BEGIN

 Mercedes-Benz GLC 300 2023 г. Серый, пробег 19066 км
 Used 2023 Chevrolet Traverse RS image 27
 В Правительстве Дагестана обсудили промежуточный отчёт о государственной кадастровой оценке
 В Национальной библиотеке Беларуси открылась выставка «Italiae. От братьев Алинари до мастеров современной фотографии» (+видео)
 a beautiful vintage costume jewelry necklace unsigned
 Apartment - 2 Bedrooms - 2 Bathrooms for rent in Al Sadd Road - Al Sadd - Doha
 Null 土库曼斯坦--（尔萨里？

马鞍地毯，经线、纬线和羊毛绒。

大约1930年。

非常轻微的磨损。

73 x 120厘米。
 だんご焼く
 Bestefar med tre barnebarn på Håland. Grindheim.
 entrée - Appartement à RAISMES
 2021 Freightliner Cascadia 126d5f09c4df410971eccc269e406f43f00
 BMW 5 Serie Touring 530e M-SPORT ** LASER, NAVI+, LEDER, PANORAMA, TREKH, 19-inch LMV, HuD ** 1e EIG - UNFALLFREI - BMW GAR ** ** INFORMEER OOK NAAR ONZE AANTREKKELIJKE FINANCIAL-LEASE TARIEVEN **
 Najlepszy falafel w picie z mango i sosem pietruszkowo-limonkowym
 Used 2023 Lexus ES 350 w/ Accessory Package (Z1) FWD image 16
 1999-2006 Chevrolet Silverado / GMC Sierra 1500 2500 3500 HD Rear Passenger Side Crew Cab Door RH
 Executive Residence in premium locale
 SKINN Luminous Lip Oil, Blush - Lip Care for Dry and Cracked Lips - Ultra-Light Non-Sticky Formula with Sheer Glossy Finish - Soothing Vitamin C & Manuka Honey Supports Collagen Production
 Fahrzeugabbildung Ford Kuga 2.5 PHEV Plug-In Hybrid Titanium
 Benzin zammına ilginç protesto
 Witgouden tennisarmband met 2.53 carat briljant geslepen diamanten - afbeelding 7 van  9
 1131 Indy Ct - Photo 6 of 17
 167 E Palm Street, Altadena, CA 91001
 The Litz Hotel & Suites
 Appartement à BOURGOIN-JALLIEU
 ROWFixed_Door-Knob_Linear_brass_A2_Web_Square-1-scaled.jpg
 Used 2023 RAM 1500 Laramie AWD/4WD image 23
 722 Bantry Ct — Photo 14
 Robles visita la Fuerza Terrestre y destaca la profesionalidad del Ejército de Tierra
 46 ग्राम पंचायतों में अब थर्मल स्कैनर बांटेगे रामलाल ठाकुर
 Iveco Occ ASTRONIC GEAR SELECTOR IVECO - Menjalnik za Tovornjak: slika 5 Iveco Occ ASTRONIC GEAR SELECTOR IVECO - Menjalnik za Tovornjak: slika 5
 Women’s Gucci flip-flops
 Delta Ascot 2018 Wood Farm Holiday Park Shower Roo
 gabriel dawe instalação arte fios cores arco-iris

END

--- Aim of the exercise ---
All of the material above is to be retyped word for word.

--- Written response ---
 Mercedes-Benz GLC 300 2023 г. Серый, пробег 19066 км
 Used 2023 Chevrolet Traverse RS image 27
 В Правительстве Дагестана обсудили промежуточный отчёт о государственной кадастровой оценке
 В Национальной библиотеке Беларуси открылась выставка «Italiae. От братьев Алинари до мастеров современной фотографии» (+видео)
 a beautiful vintage costume jewelry necklace unsigned
 Apartment - 2 Bedrooms - 2 Bathrooms for rent in Al Sadd Road - Al Sadd - Doha
 Null 土库曼斯坦--（尔萨里？

马鞍地毯，经线、纬线和羊毛绒。

大约1930年。

非常轻微的磨损。

73 x 120厘米。
 だんご焼く
 Bestefar med tre barnebarn på Håland. Grindheim.
 entrée - Appartement à RAISMES
 2021 Freightliner Cascadia 126d5f09c4df410971eccc269e406f43f00
 BMW 5 Serie Touring 530e M-SPORT ** LASER, NAVI+, LEDER, PANORAMA, TREKH, 19-inch LMV, HuD ** 1e EIG - UNFALLFREI - BMW GAR ** ** INFORMEER OOK NAAR ONZE AANTREKKELIJKE FINANCIAL-LEASE TARIEVEN **
 Najlepszy falafel w picie z mango i sosem pietruszkowo-limonkowym
 Used 2023 Lexus ES 350 w/ Accessory Package (Z1) FWD image 16
 1999-2006 Chevrolet Silverado / GMC Sierra 1500 2500 3500 HD Rear Passenger Side Crew Cab Door RH
 Executive Residence in premium locale
 SKINN Luminous Lip Oil, Blush - Lip Care for Dry and Cracked Lips - Ultra-Light Non-Sticky Formula with Sheer Glossy Finish - Soothing Vitamin C & Manuka Honey Supports Collagen Production
 Fahrzeugabbildung Ford Kuga 2.5 PHEV Plug-In Hybrid Titanium
 Benzin zammına ilginç protesto
 Witgouden tennisarmband met 2.53 carat briljant geslepen diamanten - afbeelding 7 van  9
 1131 Indy Ct - Photo 6 of 17
 167 E Palm Street, Altadena, CA 91001
 The Litz Hotel & Suites
 Appartement à BOURGOIN-JALLIEU
 ROWFixed_Door-Knob_Linear_brass_A2_Web_Square-1-scaled.jpg
 Used 2023 RAM 1500 Laramie AWD/4WD image 23
 722 Bantry Ct — Photo 14
 Robles visita la Fuerza Terrestre y destaca la profesionalidad del Ejército de Tierra
 46 ग्राम पंचायतों में अब थर्मल स्कैनर बांटेगे रामलाल ठाकुर
 Iveco Occ ASTRONIC GEAR SELECTOR IVECO - Menjalnik za Tovornjak: slika 5 Iveco Occ ASTRONIC GEAR SELECTOR IVECO - Menjalnik za Tovornjak: slika 5
 Women’s Gucci flip-flops
 Delta Ascot 2018 Wood Farm Holiday Park Shower Roo
 gabriel dawe instalação arte fios cores arco-iris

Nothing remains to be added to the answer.